Research Reveals The Cost of Mobile Ads on News Sites
- Monday, October 5th, 2015
- Share this article:
Ad blocking is a hugely contentious issue in the world of digital marketing right now, but very little work has been put into examining why users are electing to download ad blocking software beyond a general assumption that consumers dislike advertising.
A new study by the New York Times has examined how mobile advertising affects the load times of the top 50 online news entities, and has found a huge disparity among different publishers, with advertising adding up to 30 seconds to the time it takes to view a story.
The list was evenly split when it came to advertising vs editorial load times, with advertising content consuming the majority of the data on 26 websites. The worst offender was Boston.com, where large video ads made up 15.4mb of data on the homepage, compared to just 4.0mb of editorial content.
Other sites where ads content weighed heavily included The Independent, the Chicago Tribune and The Daily Beast.
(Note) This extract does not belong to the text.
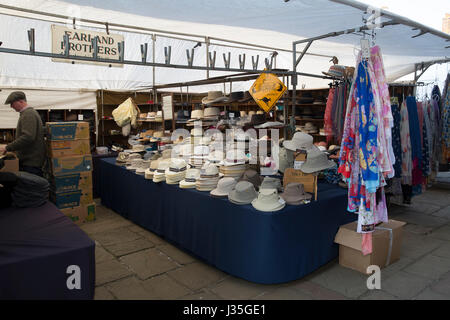 Oakham, UK. 3. Mai 2017. Blauer Himmel über Oakham am Markttag auf dem Dorfplatz findet wöchentlich statt und hat eine große Auswahl an Lebensmitteln, Blumen, Pflanzen, Elektroartikel, Kleidung usw. Credit: Keith Larby/Alamy Live News Stockfoto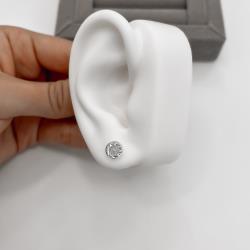 Brinco zircônia redonda embutida cristal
While the New York Post was one of the slowest websites to load over 4G, the majority of this was actually due to large editorial photos, so ad blockers had little effect on loading times.
At the other end of the sale, sites like The Guardian, Yahoo!, NPR and The Washington Post all had data-light websites with adverts making little or no impact to load times. USA Today boasted the smallest mobile website overall, with just 0.4mb of ad content and 1.0mb of editorial on the homepage.
Removing ads from the equation doesnt just time, but also money, with an average American mobile plan charging around a penny for each megabyte of data. Visiting the homepage of Boston.com once a day for a month would cost around $9.50 (£6.26) in data usage purely for the ad content.
With an ad blocker employed, the number of files accessed during a visit to Boston.com dropped from 389 to 52, and the load time decreased from 33 seconds to seven. Even on a more typical website like the Los Angeles Times, an ad blocker dropped load times by three quarters and cut the number of files from 178 to 20.
Figures like this give us some valuable insight into why consumers choose to employ ad blockers. The mobile experience is all about speed and convenience, and when ads weigh so heavily on users time and money, its no surprise they are seeking out solutions to avoid advertising.